The formation of cracks is thought of as an unavoidable, unpleasant phenomenon because people believe that it is impossible to prevent cracking from all various forces. In recent years, scientists have demonstrated the ways to control fracture progression, thereby enabling researchers to manufacture high-resolution microscopic patterns of cracks.
On March 5, a research team led by Prof. Tae-Sung Kim (School of Mechanical and Nuclear Engineering) announced that they have successfully developed a technology that can not only control the spread of nanometre-sized cracks, but also create well-controlled nanopatterns in any desired shape without using expensive equipment.
Photolithography and Electron-Beam Lithography
Current techniques, used in micro and nanofabrication technology are based on lithography and etching. Photolithography, which is a form of lithography, is a process that uses UV light to create high-resolution patterns of holes, channels or more complex structures in light-responding materials on top of a silicon wafer. In this process, the wafer is coated with resist, covered with a mask with an engraved pattern, and exposed to a focused beam of UV light. Then, during the etching process, the areas that are not protected by the resist are selectively removed, imprinting the patterns onto the wafer.
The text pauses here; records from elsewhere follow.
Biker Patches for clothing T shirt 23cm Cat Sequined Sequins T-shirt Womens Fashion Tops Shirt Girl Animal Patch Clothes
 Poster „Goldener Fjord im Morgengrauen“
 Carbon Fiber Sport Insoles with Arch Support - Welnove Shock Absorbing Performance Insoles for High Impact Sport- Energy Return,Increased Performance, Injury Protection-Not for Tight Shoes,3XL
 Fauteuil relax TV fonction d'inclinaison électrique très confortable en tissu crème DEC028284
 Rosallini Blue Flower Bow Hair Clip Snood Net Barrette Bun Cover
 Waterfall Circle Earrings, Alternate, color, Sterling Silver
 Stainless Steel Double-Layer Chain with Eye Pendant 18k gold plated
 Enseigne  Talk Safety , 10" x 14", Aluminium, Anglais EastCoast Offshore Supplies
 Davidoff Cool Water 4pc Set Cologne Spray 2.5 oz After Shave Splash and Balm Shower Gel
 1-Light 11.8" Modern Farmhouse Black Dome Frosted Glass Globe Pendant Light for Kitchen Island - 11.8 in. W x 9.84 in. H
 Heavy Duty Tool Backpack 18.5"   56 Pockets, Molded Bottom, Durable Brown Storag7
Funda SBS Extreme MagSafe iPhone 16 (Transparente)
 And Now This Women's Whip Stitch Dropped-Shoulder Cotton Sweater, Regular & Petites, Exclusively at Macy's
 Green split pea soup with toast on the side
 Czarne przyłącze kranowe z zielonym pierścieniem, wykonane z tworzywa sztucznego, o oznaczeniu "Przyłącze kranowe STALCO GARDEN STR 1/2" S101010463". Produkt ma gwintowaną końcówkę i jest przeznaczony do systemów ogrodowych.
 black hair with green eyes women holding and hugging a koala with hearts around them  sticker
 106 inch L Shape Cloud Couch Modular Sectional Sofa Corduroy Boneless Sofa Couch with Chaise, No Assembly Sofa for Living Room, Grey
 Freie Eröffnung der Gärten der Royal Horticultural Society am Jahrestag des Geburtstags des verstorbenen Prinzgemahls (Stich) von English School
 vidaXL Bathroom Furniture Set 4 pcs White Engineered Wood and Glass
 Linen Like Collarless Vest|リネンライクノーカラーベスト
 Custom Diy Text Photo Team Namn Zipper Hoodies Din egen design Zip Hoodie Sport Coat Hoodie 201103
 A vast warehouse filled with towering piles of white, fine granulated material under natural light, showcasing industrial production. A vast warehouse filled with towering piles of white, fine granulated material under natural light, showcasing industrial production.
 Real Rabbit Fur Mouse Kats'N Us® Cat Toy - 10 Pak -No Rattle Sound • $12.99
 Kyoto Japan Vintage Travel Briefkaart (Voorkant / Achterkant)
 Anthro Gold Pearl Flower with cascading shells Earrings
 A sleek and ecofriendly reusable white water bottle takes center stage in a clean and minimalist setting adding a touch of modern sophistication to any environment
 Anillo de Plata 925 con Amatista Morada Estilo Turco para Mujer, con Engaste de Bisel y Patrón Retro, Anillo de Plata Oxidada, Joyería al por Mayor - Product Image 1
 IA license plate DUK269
Although Photolithography is the most widely used technique and it allows the patterning of a desired design onto a silicon wafer, it has the disadvantage of fabricating patterns at micro level only. Therefore, as a solution, Electron-Beam Lithography (EBL) is employed to create the smallest components on silicon substrates. Today, EBL is the most effective method of creating patterns on substrates, yet the most expensive and time-consuming process.
The Ultimate Manufacturing Solution
UNIST research team was able to find a faster and cheaper way to engrave nanometer-sized patterns on the surface of a silicon wafer using the existing manufacturing process. The most notable characteristic of this study is that with this new approach, researchers can freely control the length and the direction of cracks, thereby creating more complex structures, such as circles and triangles at the microscopic level. Moreover, with the development of this technique, researchers can now produce nano-scale patterns, which used to take 10 days within only 30 minutes.
Prof. Kim states, “This new technique, produced by controlling cracks is a new alternative to existing complex and inefficient nanomanufacturing technology.” He continues by saying that, “I believe that this new approach will open a whole new chapter in nano technology, including machinery, electricity, electronics, bio-engineering, chemistry, environment, and energy, in addition to the materials industry.”
This research was funded by the National Research Foundation, under the Project to Support Leading Researchers and the findings were appeared online in Nature Communications on February 18, 2015.
Journal Reference: Minseok Kim, Dogyeong Ha, Taesung Kim, “Cracking-assisted photolithography for mixed-scale patterning and nanofluidic applications.” Nature Communications (6), Article Number: 6247.